穏やかに吹く風が白い花々を揺らし幻想的な風景を生み出す。

ここは無名の丘。

妖怪の山から人里を挟んで反対側にある鈴蘭の楽園、無尽蔵にばら撒かれる鈴蘭達の毒は一切の敵の侵入を許さず、何人たりとも花に危害を加える事など出来はしない。


一面を覆い尽くす鈴蘭達からは今にもチリンチリン、という鈴の音が聞こえて来そうな、そんな場所だ。

場所によっては毒の薄い箇所もあり、さして強力な妖怪がいる訳でも無いので鈴蘭摘みには最適である。もっとも、わざわざこんな所にまで鈴蘭を摘みに来る物好きがいるとは思えないが。
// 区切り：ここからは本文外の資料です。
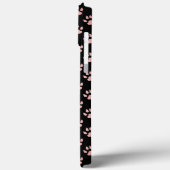 Coques Case-Mate iPhone Motif de pattes rose clair (Verso / Gauche)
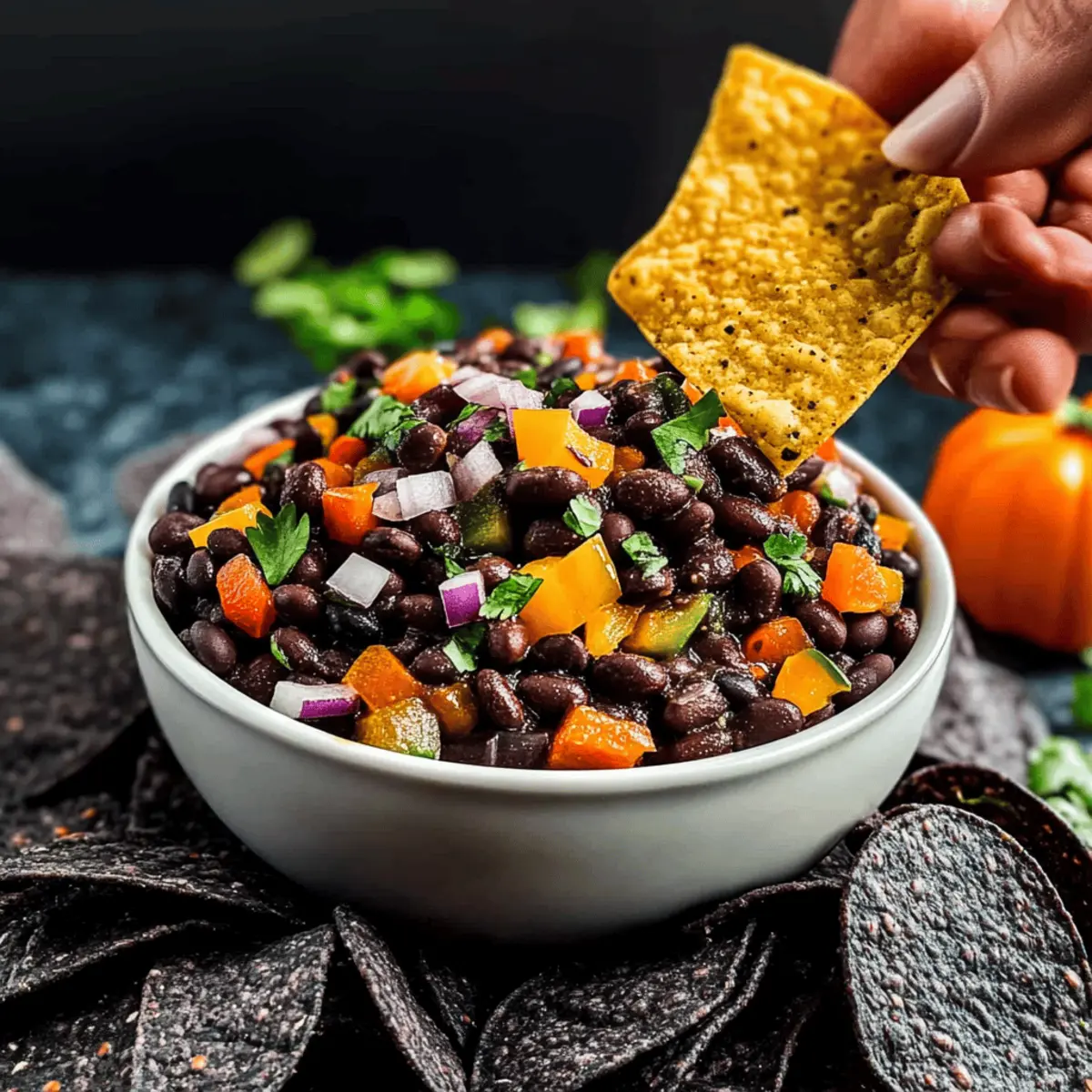 Festive Halloween Bean Dip Recipe That's Healthy and Delicious 1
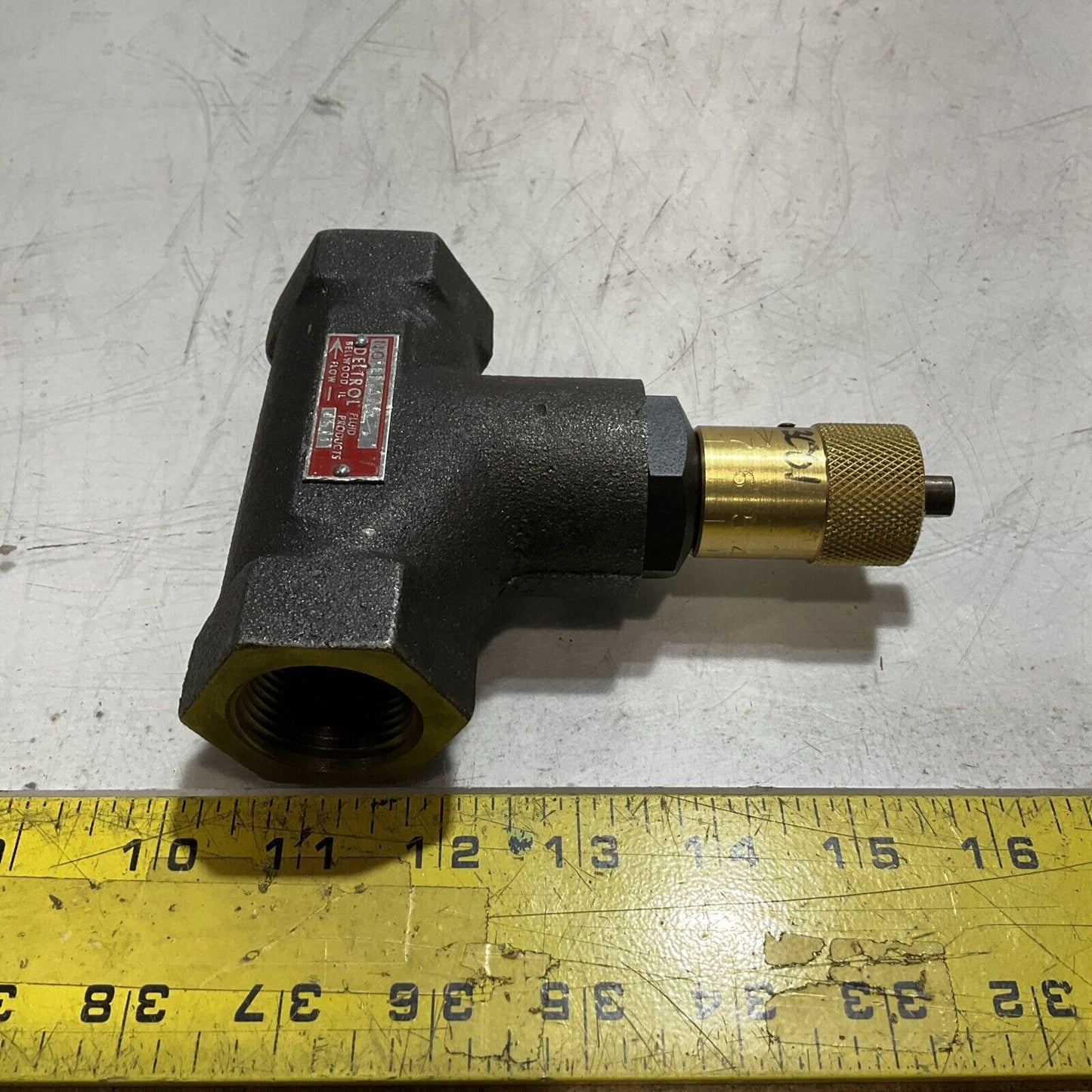 DELTROL EF40S HYDRAULIC VALVE FLOW CONTROL SYSTEM RM6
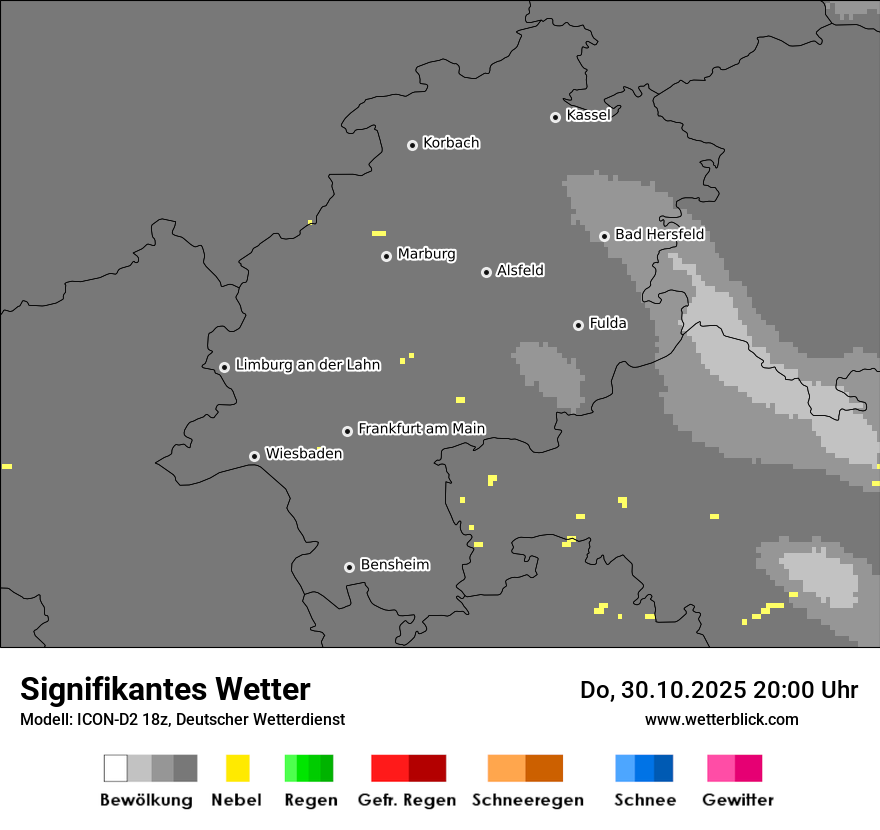 Modellkarten Signifikantes Wetter Modellkarten Signifikantes Wetter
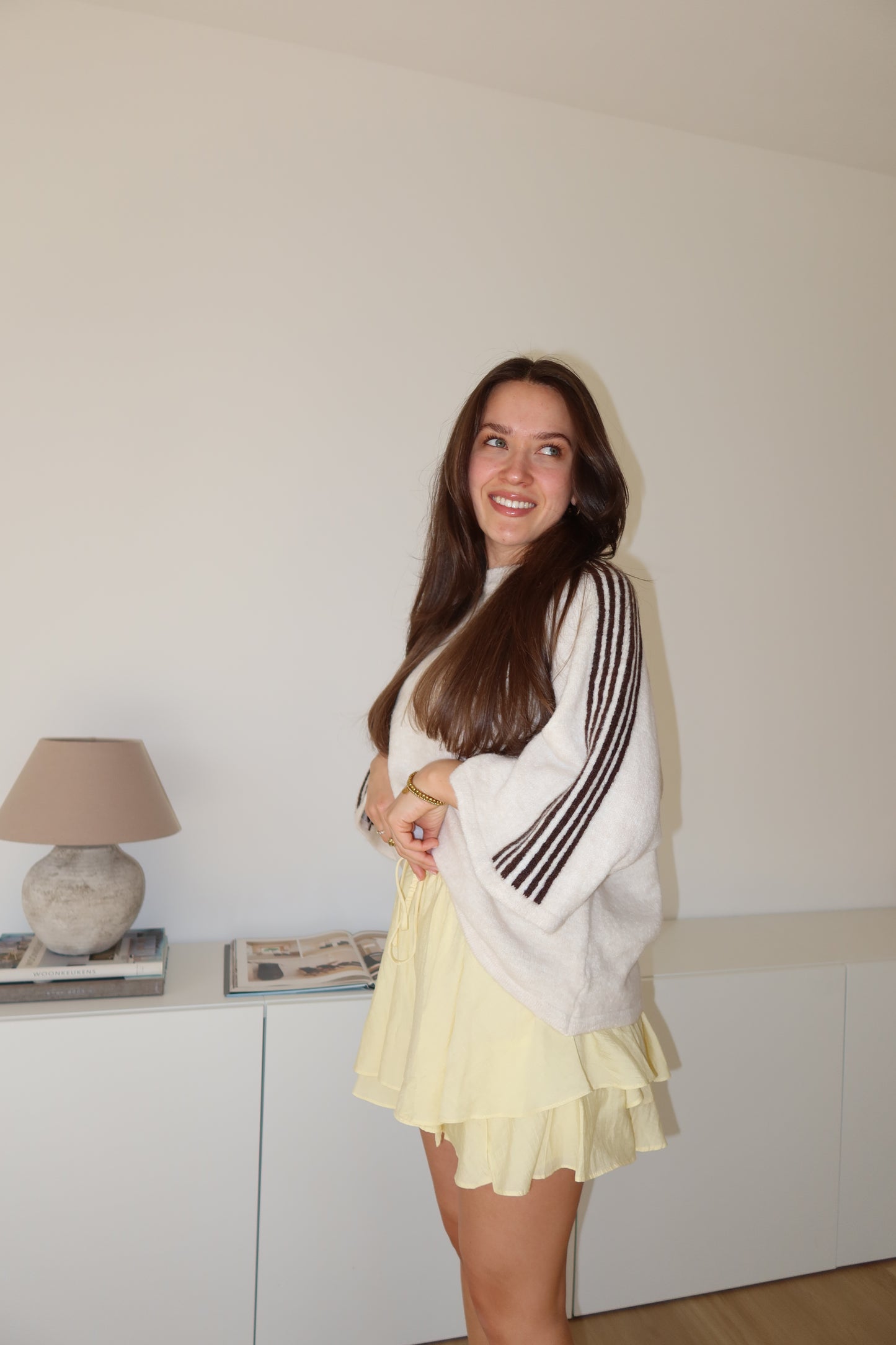 layered chiffon skort - Yellow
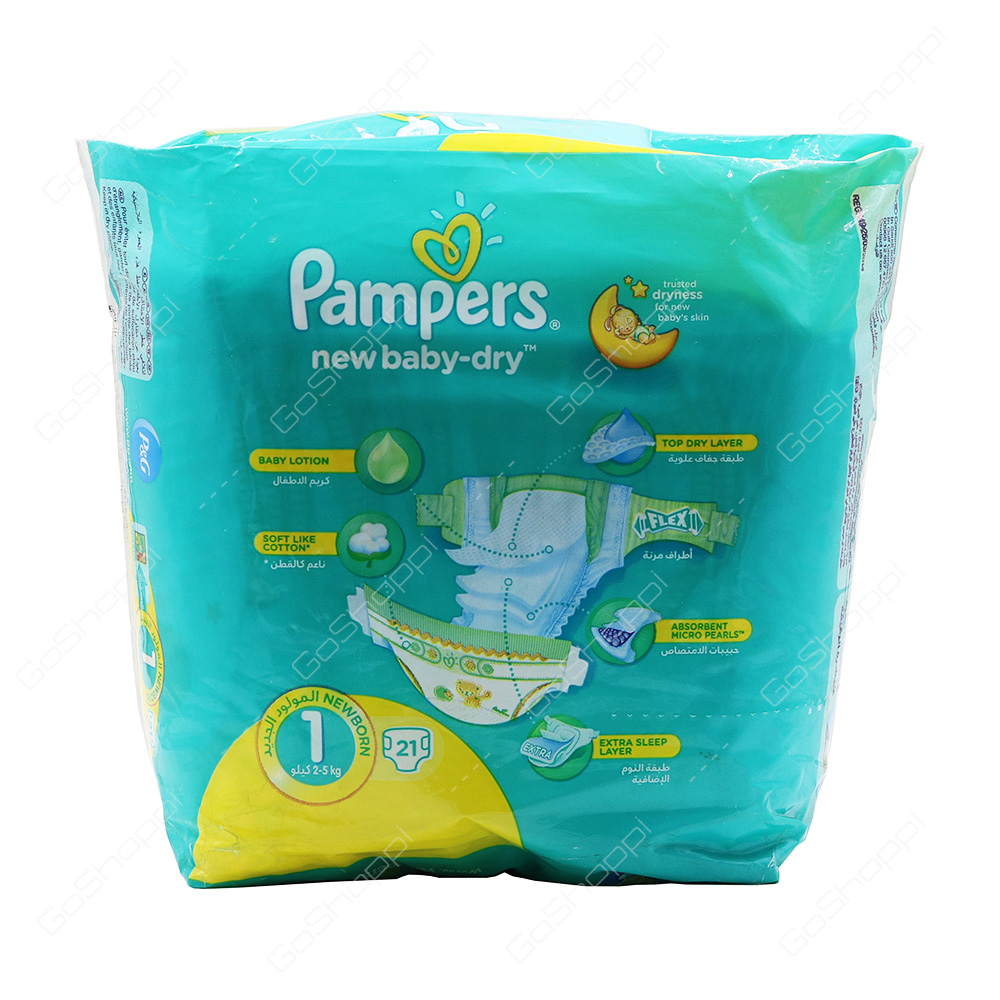 Pampers New Baby Dry Diapers Size 1 21 Diapers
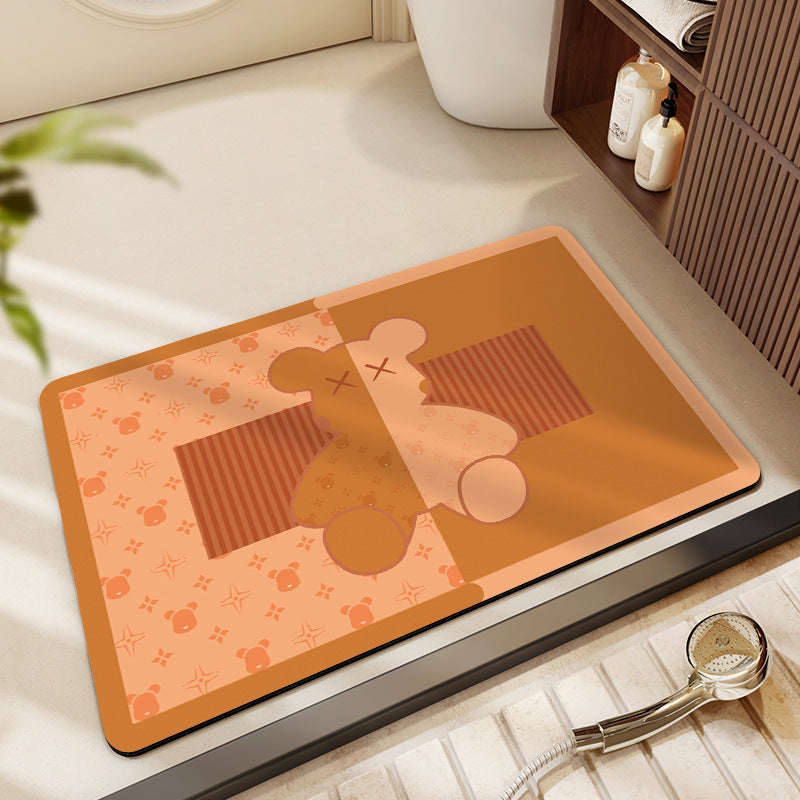 Cute Cartoon-Themed Bath Mat Kalsten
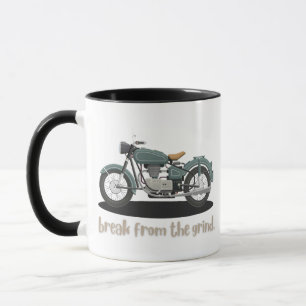 Antike Fahrrad-Kaffeetasse Tasse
それに人間達がここを訪れないのにはもう一つ理由があるのだ……



▲▼▲▼



「これより第27回"人形革命団"の定期会議を行うわ。

進行役はこの私人形革命団、団長のメディスン・メランコリーが勤めさせてもらいます」


ここは無名の丘、又の名を鈴蘭畑。

その中央に位置する空き地に堂々と居坐りツッコミどころしがない発言をぶちかましたこの少女。


名はメディスン・メランコリー。

小さなスウィートポイズンの異名を持つ無名の丘の実質最高権力者である……こう言うととても偉く見えなくもないが、彼女の他に住人など存在していないのだから当たり前のことだ。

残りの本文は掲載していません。